*** Opening Data for this task ***
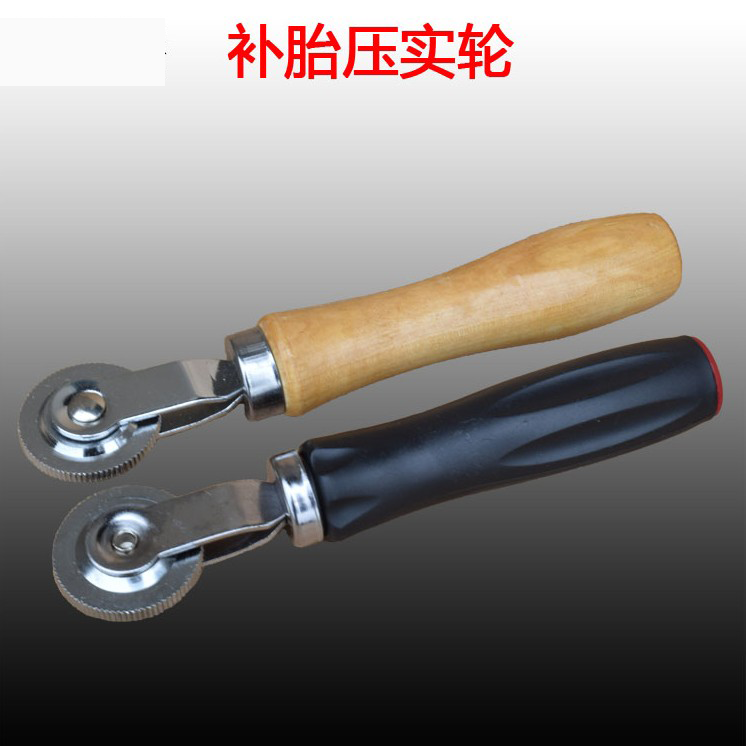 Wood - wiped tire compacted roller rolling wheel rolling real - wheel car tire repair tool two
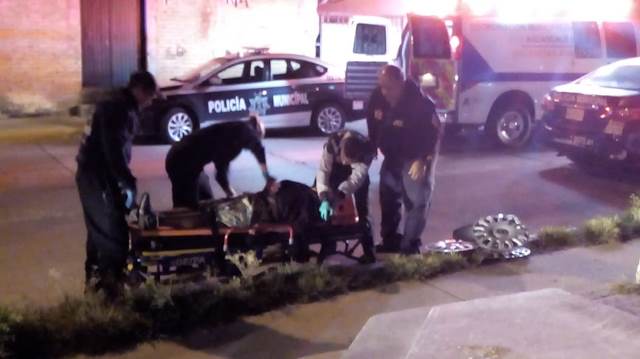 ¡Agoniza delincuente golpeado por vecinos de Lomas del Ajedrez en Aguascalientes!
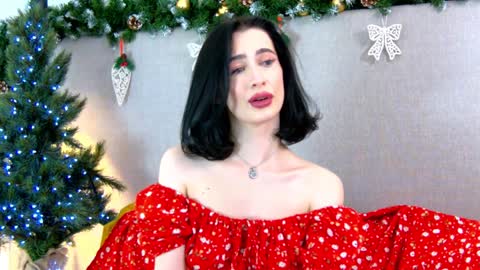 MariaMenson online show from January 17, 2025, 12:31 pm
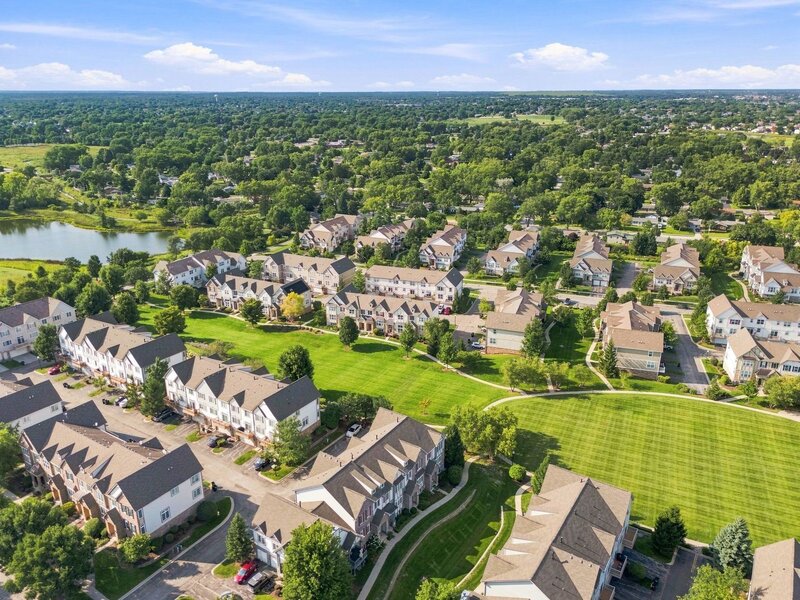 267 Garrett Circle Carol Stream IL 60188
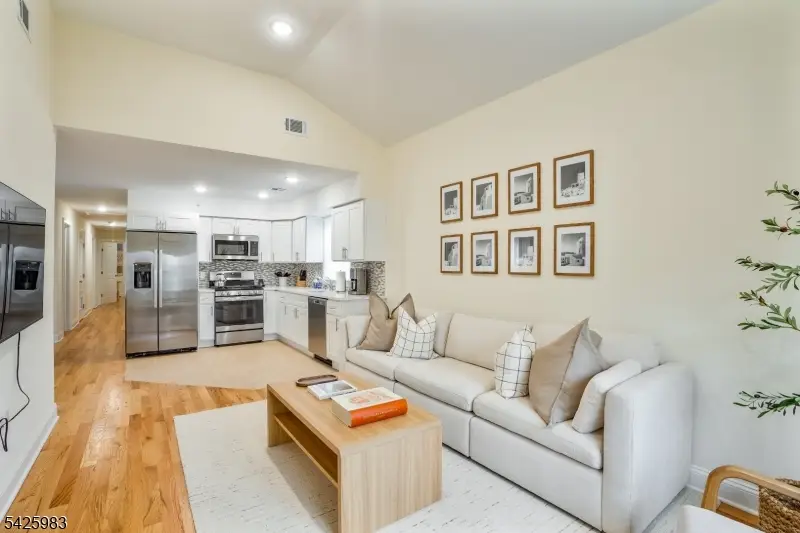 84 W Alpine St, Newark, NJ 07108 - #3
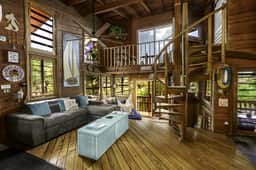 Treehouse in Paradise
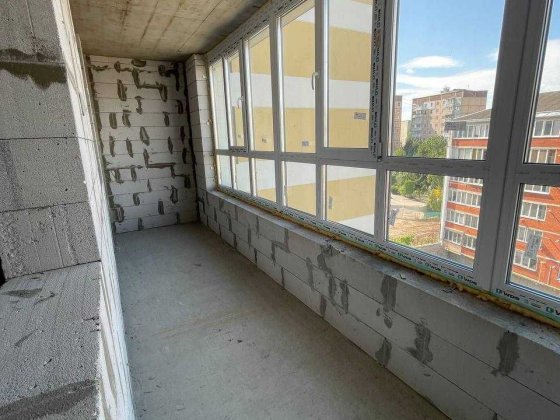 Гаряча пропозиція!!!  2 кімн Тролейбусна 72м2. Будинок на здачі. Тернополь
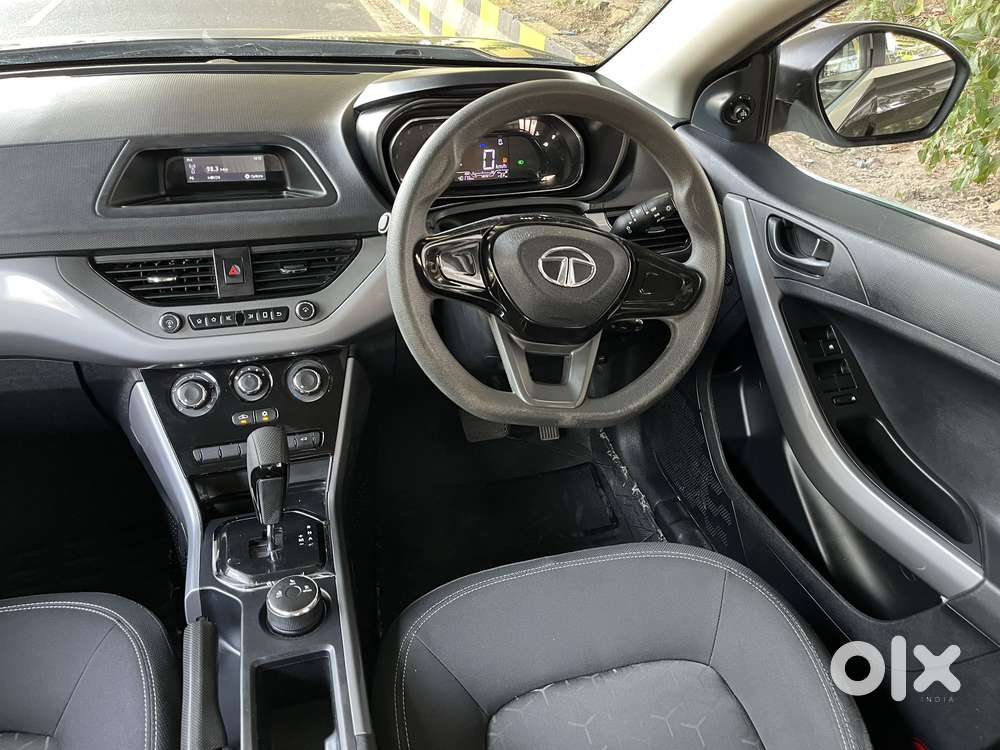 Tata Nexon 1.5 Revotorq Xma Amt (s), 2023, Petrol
*** Closing Data for this task ***
*** Opening Data for this task ***
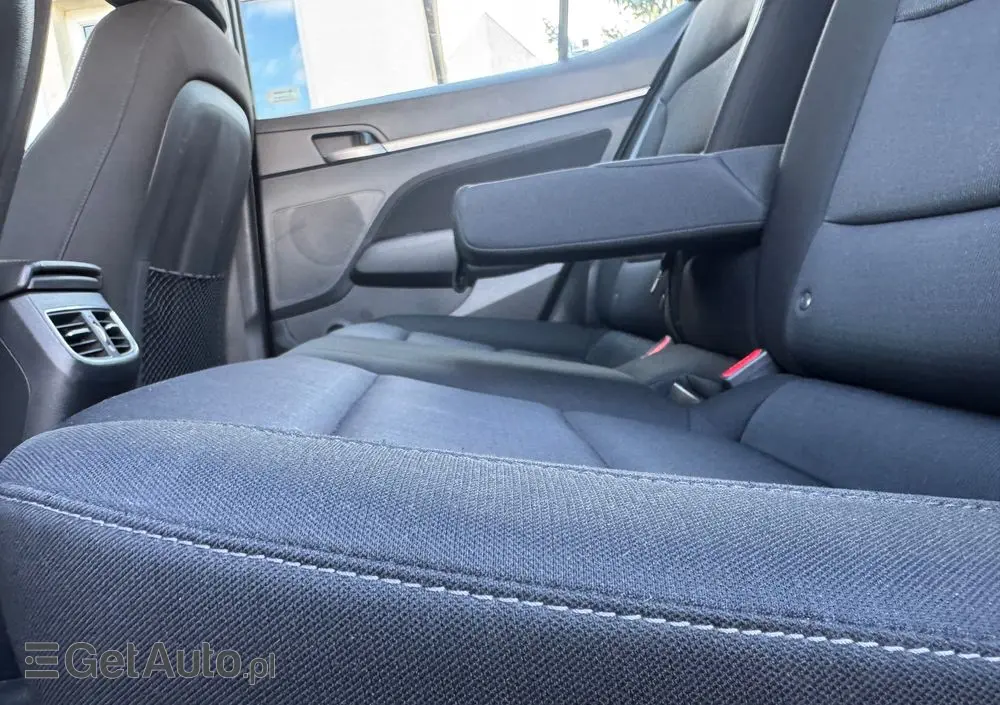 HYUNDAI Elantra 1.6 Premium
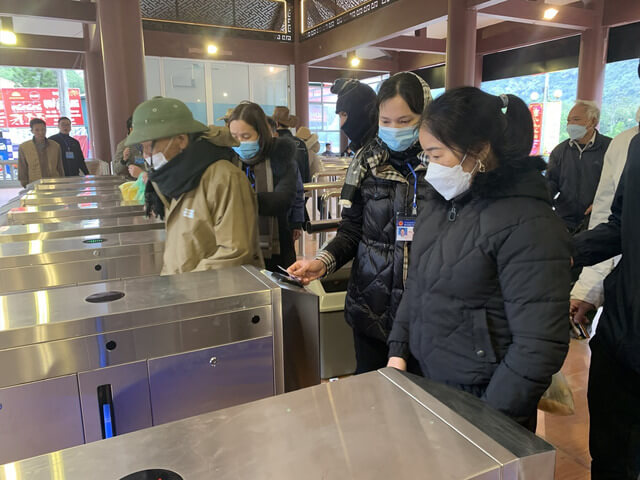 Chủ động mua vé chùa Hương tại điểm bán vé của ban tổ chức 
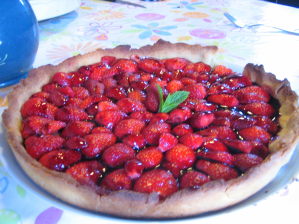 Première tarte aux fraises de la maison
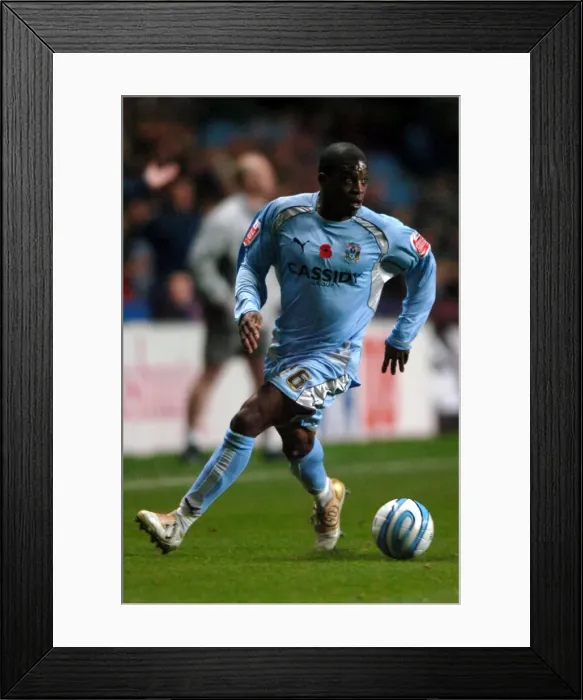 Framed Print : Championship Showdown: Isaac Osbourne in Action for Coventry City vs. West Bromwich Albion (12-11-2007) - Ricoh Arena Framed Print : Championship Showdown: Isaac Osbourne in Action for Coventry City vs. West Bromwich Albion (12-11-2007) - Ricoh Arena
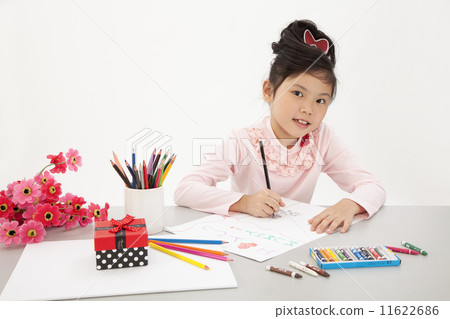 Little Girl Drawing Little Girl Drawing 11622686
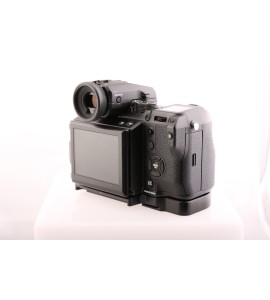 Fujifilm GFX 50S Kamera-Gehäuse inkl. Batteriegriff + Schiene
*** Closing Data for this task ***
◆ **What you need to do**:
Where a picture appears in the records above, omit it, and transcribe exactly the stretch of lines from the one with "Chủ động mua" through the one with "Fujifilm GFX 50S".

◆ **Written solution**:
 Chủ động mua vé chùa Hương tại điểm bán vé của ban tổ chức 
 Première tarte aux fraises de la maison
 Framed Print : Championship Showdown: Isaac Osbourne in Action for Coventry City vs. West Bromwich Albion (12-11-2007) - Ricoh Arena Framed Print : Championship Showdown: Isaac Osbourne in Action for Coventry City vs. West Bromwich Albion (12-11-2007) - Ricoh Arena
 Little Girl Drawing Little Girl Drawing 11622686
 Fujifilm GFX 50S Kamera-Gehäuse inkl. Batteriegriff + Schiene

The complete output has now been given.